During my lunch break, I called home. Liz picked up. "Evans residence, Liz speaking."

"Hey Lizzy. It's me." I sighed, and smiled. Liz and her routine.

"Hi Max. How's your day going?" I could hear papers shuffle, and I knew she was leaving her office.

"Fine, fine. Mostly checkups so far. I wanted to talk to Anna if she's not napping or anything."

"Sure, lemme get her." I heard the static of a covered mouthpiece. "Anna! Come here, daddy wants to talk to you." I could hear Liz say, though muted.

"No!" A childish voice said, then I could make out the sound of pattering footsteps running away.

"I'm sorry," Liz came back on the line. "She's having another fit."

I sighed again. "It's alright. Just tell her I love her. I love you too, hon. See you later, around six tonight."

"Alright," she kissed the phone, said goodbye and hung up.

~

My Anna, all skinny arms and legs, thick hair continuously being brushed out of her eyes, too busy for dresses. Taking every joke with an eyeroll and "oh, daddy."

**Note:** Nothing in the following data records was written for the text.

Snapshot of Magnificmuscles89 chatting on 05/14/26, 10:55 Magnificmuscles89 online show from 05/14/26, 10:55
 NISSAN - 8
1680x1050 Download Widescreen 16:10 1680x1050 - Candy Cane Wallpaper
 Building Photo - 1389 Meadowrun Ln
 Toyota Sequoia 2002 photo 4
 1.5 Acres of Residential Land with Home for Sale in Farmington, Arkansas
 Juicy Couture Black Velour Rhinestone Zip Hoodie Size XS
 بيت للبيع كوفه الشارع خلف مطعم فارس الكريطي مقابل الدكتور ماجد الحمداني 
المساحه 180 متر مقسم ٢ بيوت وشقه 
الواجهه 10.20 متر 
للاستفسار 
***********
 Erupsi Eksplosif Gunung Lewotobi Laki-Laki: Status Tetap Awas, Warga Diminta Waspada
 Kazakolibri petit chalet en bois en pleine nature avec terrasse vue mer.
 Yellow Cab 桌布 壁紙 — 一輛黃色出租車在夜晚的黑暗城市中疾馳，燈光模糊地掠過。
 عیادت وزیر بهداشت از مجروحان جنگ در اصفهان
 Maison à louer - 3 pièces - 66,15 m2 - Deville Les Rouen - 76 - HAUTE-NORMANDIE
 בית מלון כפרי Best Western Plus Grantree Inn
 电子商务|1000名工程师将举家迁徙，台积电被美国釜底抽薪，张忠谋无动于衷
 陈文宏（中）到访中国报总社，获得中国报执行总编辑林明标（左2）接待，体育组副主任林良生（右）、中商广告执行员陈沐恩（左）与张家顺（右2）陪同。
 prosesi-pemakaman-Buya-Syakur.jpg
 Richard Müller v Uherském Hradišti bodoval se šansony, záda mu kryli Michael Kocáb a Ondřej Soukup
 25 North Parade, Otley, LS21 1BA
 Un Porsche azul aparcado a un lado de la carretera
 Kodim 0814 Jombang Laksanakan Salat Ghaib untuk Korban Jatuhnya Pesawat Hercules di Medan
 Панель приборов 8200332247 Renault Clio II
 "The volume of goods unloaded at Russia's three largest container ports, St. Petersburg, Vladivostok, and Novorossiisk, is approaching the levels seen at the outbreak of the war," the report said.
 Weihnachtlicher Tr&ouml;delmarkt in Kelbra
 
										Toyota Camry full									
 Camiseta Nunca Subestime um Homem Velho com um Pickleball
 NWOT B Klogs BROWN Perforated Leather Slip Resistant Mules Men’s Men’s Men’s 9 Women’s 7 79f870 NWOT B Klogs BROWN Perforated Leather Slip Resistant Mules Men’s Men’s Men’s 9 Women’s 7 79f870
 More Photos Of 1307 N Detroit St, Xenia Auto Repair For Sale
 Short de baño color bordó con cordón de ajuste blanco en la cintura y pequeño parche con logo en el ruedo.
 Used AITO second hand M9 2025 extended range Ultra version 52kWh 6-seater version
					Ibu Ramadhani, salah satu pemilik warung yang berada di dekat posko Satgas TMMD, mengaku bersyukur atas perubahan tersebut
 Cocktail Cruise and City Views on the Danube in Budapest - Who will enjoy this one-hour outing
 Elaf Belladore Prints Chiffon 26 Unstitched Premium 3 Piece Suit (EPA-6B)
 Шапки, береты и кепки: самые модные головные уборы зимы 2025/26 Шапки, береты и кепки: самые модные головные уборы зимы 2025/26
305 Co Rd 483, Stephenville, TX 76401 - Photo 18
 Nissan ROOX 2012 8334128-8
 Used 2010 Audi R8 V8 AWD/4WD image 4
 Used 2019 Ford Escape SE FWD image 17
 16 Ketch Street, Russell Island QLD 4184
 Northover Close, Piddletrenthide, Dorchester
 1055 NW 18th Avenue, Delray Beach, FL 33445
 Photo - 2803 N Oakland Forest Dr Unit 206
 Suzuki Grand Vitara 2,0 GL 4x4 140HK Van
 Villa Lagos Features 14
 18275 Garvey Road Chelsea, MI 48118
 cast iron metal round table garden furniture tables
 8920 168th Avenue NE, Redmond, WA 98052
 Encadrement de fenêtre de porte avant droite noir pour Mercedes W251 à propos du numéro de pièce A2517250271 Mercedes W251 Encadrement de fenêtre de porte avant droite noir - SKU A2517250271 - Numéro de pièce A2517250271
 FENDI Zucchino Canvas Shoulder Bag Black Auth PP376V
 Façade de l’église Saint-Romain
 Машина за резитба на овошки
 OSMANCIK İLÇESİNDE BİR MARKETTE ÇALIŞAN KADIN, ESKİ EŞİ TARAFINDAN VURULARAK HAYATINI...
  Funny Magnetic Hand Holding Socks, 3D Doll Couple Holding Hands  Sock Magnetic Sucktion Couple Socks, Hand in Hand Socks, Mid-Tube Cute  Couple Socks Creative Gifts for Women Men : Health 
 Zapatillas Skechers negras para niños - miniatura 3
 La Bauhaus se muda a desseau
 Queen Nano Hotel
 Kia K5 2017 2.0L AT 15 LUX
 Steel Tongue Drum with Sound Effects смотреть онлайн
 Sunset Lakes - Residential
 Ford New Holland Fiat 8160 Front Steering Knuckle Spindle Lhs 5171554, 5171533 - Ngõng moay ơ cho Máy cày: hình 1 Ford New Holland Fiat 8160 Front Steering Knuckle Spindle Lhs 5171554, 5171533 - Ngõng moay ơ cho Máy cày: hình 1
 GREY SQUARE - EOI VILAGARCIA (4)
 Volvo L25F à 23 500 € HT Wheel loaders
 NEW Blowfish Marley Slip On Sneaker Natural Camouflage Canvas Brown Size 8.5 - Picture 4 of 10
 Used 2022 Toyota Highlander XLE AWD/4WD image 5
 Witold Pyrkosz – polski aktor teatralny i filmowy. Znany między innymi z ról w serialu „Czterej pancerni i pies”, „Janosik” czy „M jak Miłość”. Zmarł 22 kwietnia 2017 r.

But she cares. The day her kittie Edwardo got sick, and she tried to heal him with her powers, she really meant to save him. It wasn't her fault she couldn't control it, and ended up killing him instead. She cried long and hard for her friend, giving him a funeral in our yard, near the garden Liz insists on keeping.

Even then she positively radiated sunshine, she would sit on my lap, and snuggle up close and the next thing I knew she'd be asleep.

I knew then that I couldn't protect her from everything that would hurt her as much and I would have liked to.

~

I locked the door behind me at 6:04 in the evening. "I'm home." I called, and header to the bedroom to change into more comfortable clothes.

"We're eating honey." Liz called from back to me.

"Meatloaf!" Anna sang in a falsetto voice that made me chuckle softly. I shorts and a t-shirt, I entered the dining room, and sat down across from Liz, next to Anna. There was food on my plate already waiting for me, and I ate while talking about my day. Liz was interested in the medicine of my work, but I told Anna about the children, and the jokes and stories I told to make them feel better.

"Did you do the bird whistle?" she wrinkled her nose in a smile.

I leaned in to her ear and whistled like a loon.

Anna giggled, then turned to her mother. "I'm ready to get down, mommy."

"Alright."

~

Liz wrapped her arms around my waist from where I stood in Annabella's doorway. She was wrapped up in her covers, and surrounded but stuffer bears. I approached her, Liz trailing behind, and brushed back her hair to kiss her forehead.

"Goodnight, Anna. You are never alone." I whispered to her. I knew that always, I would be singing Annabella's song.